А на перроне оркестр играл с медными тарелками марш, в вагонах заливались гармоники, из вагонов махали фуражками, в вагонах, надрываясь на показ всему миру, кричали и пели горькими, удалыми и отчаянными голосами с вызовом, удалью, горем; народ плакал, горожанки плакали с бабами наравне.
На перрон не пускали. Унтер-офицеры отжимали толпу, по рукам, как в церкви, над головами передавали узелки, связки баранок, как-то зло морщась, плакали пожилые мужики, и страшно было видеть их размякшие, заросшие волосами, залитые слезами лица, а из вагонов кричали еще пуще, в вагонах так отчаянно пели, что сжималось сердце:
Еду, еду,
Едем, братцы, едем.
Оставляем навсегда.
И в ответ в толпе горячей волной рождался вой, вопли и слезы, крики к ним, а там за песнею отчаянно гремело «ура», и узелки снова плыли по горячим, взволнованным рукам, над головами, к вагонам.
— Ироды, — кричала одна, — дайте с родной кровью-то попрощаться!
У него похолодели щеки. Всем сердцем он чувствовал тепло и жизнь их тел, видел изрубцованные морщинами шеи, рыжие бороды, белые от горя и потери глаза.
— Тронулся, — сказал простоволосый, с прилипшими к потному лбу волосами парень, — ишь, как закричали.
— А что делать, — сказал мужик, — кричи, больше ничего не осталось.
Оркестр вернулся, они уехали без него, где-то далеко шел поезд, и в первый раз перед ними проходила Россия по пути к месту боев, к земле, в которой большинству из них суждено было лежать, к земле, не видя которую, но тайно предчувствуя, оплакивали их матери, жены в солнечный день, отпевали живых, тайно видя мертвым дорогое лицо, рожденное тело.
Истощенные слезами, они возвращались домой, как возвращаются с казни, зная, что впереди пустое за столом место, его праздничная одежда лежит в сундуке.
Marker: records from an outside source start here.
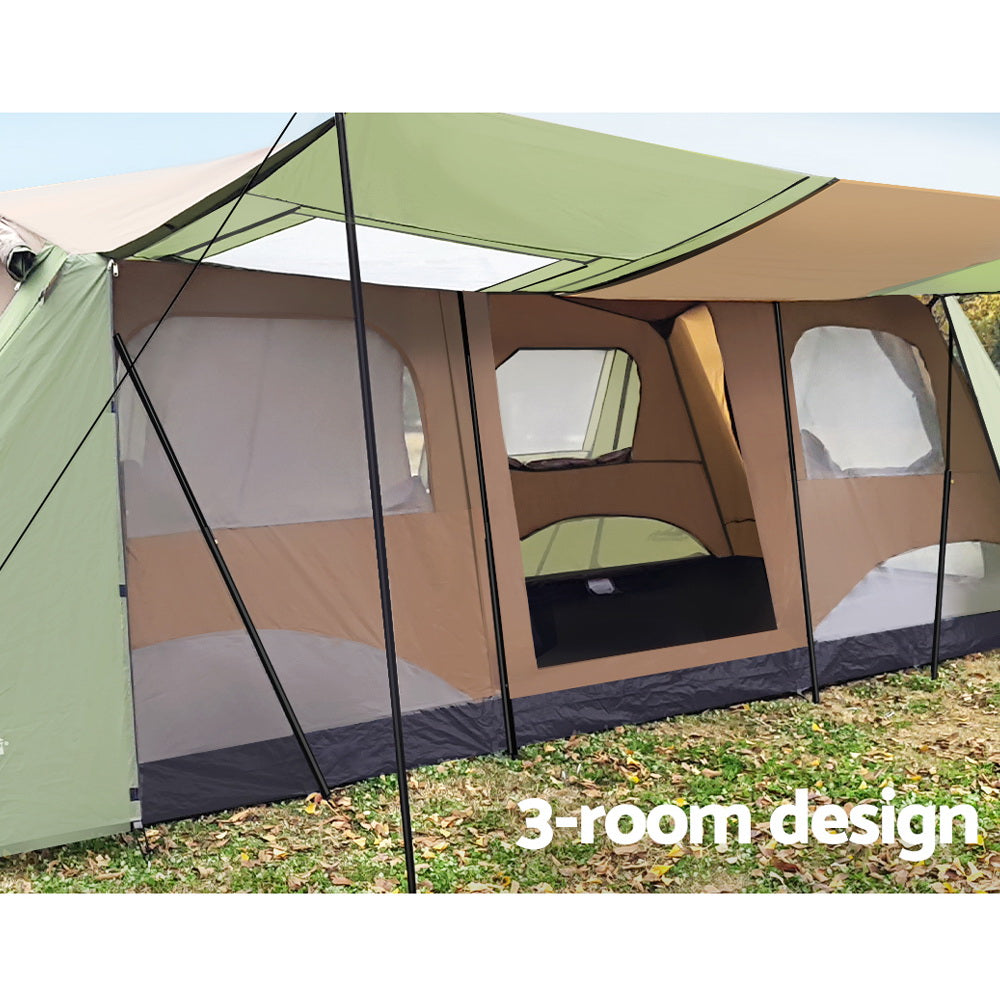 Weisshorn Camping Tent 10 Person Instant Up Tents Outdoor Family Hiking 3 Rooms-Outdoor > Camping-PEROZ Accessories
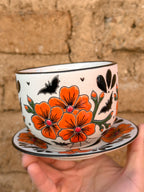 PRE-ORDER Bats and Flowers Mug And Plate Set (SHIPS IN APPROX. 6-12 WEEKS)
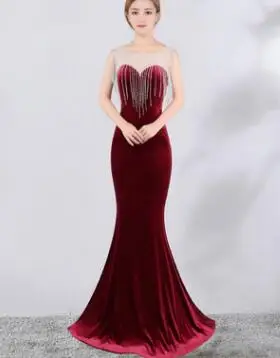 4 Халат De Soiree Бургундия бархат Русалка вечернее платье Элегантный vestido de festa Пром платье кисточкой Бисероплетение Вечерние платья Длинные - Цвет: 4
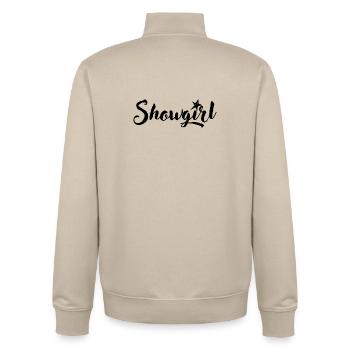 Showgirl Silhouette, Kunst und Eleganz - Unisex Organic Zip Sweatshirt von Stanley/Stella - Cremebeige - Hinten - AI Model Male 185 dark (185cm)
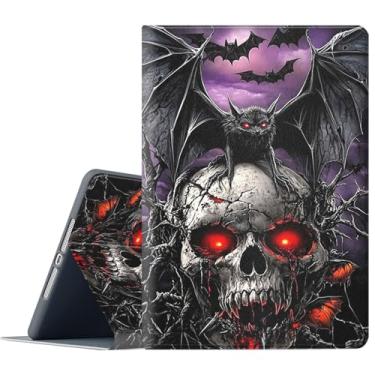 Imagem de FGDRFGRW Capa para Samsung Galaxy Tab A11 Plus/A9 Plus 11 polegadas 2025/2023, suporte ajustável, função despertar/hibernar, capa de proteção total - caveira gótica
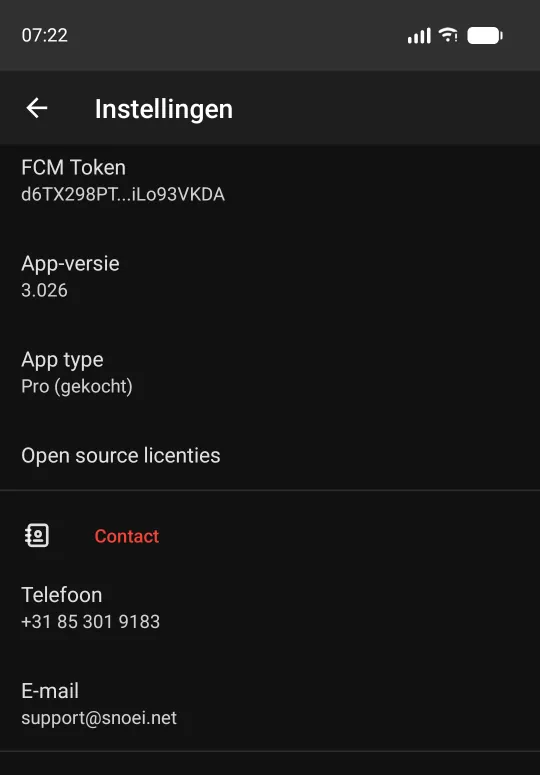 Apparaat Informatie en Contact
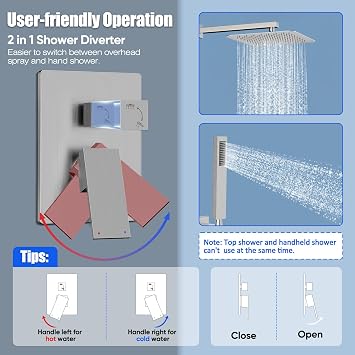 Gabrylly Rain Shower Head with Handheld Spray Combo, 10, Brushed Nickel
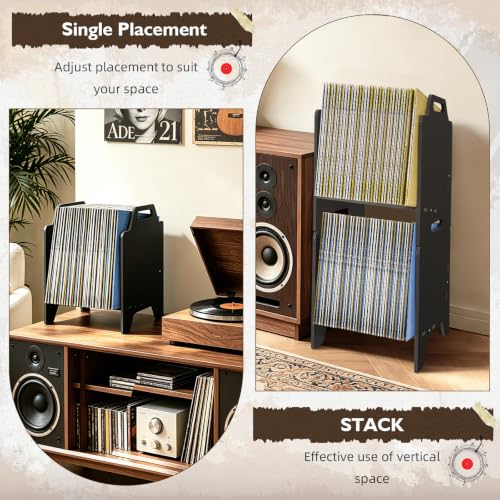 Black Vinyl Record Storage Organizer Rack, 2 Pack Stackable LP Shelf for Albums & More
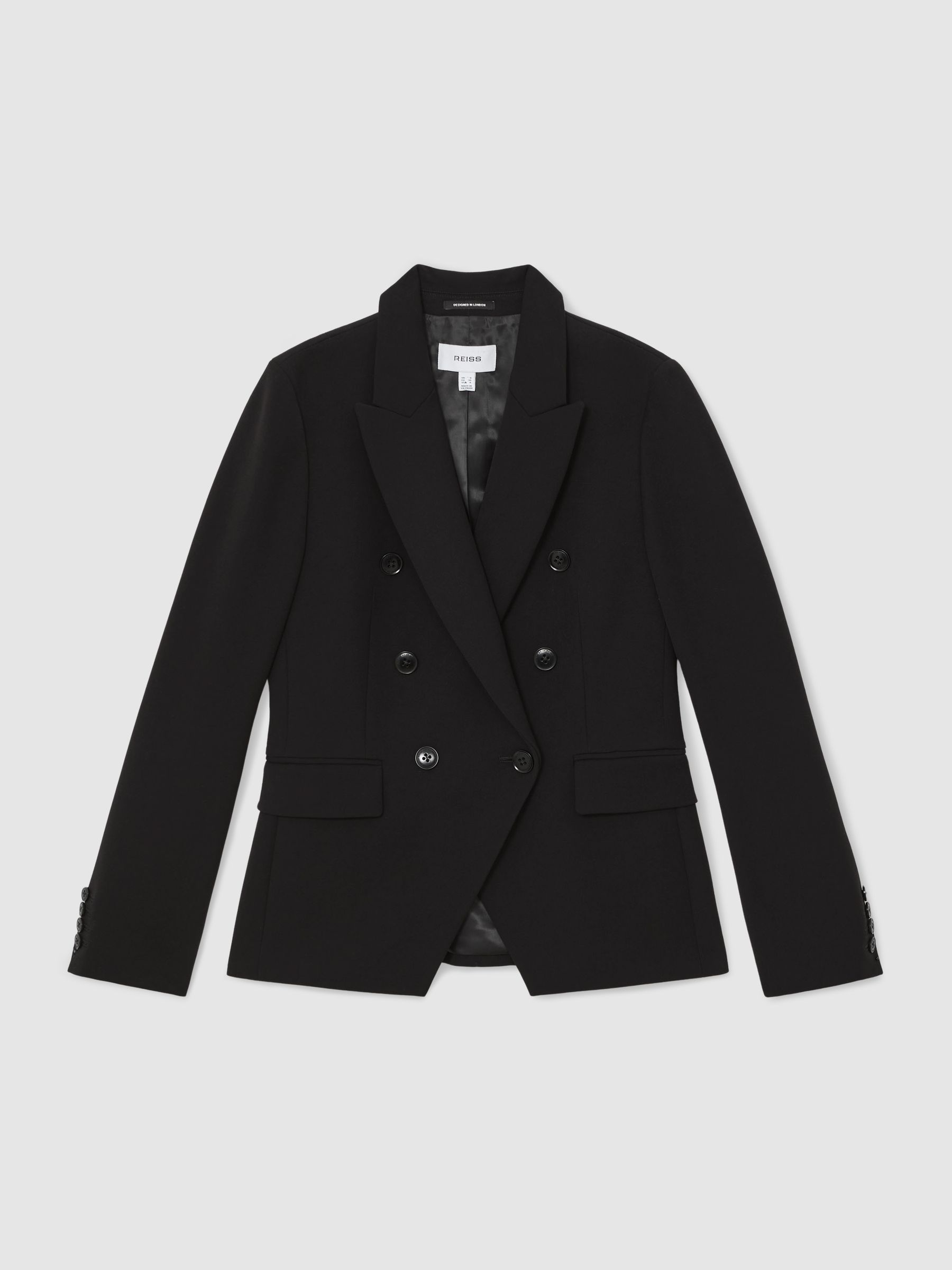 Petite Double-Breasted Suit Blazer in Black - image 1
В зной по проселкам, по белому, с телеграфными, уходящими на далекие версты столбами шоссе, тянулись шагом телеги, — отец с горя пьян, женщины тупы и безучастны от пролитых слез, и к пустой, стоящей на солнце избе идет, поматывая головой, съевший в городе все запасенное сено темногривый конь, а поле ждет, перезревая под солнцем.
И потом, работая близ железнодорожной насыпи в поле, разгибаясь, прикрывая рукой с серпом от солнца глаза, она видит — вагоны, вагоны, а в них новые солдатские головы. Слезы обжигают глаза, жгут щеки, и, снова сгибаясь, она жнет, вяжет снопы, кладет их на жнивье, знойный ветер сушит темное немолодое лицо, и в солнце, в отягченных хлебах женское лицо скорбно, как лик провожавшей Сына на смерть Богородицы. Над лбом повязан белый платок — темное в морщинах лицо, глаза заплаканы, но покорны, — постаревшее в горе лицо, а руки послушно вьют жгуты из соломы, спина болит от работы, и, разогнувшись, не видя ничего, она смотрит пустым взором на знойное небо, на поле, залитое солнцем.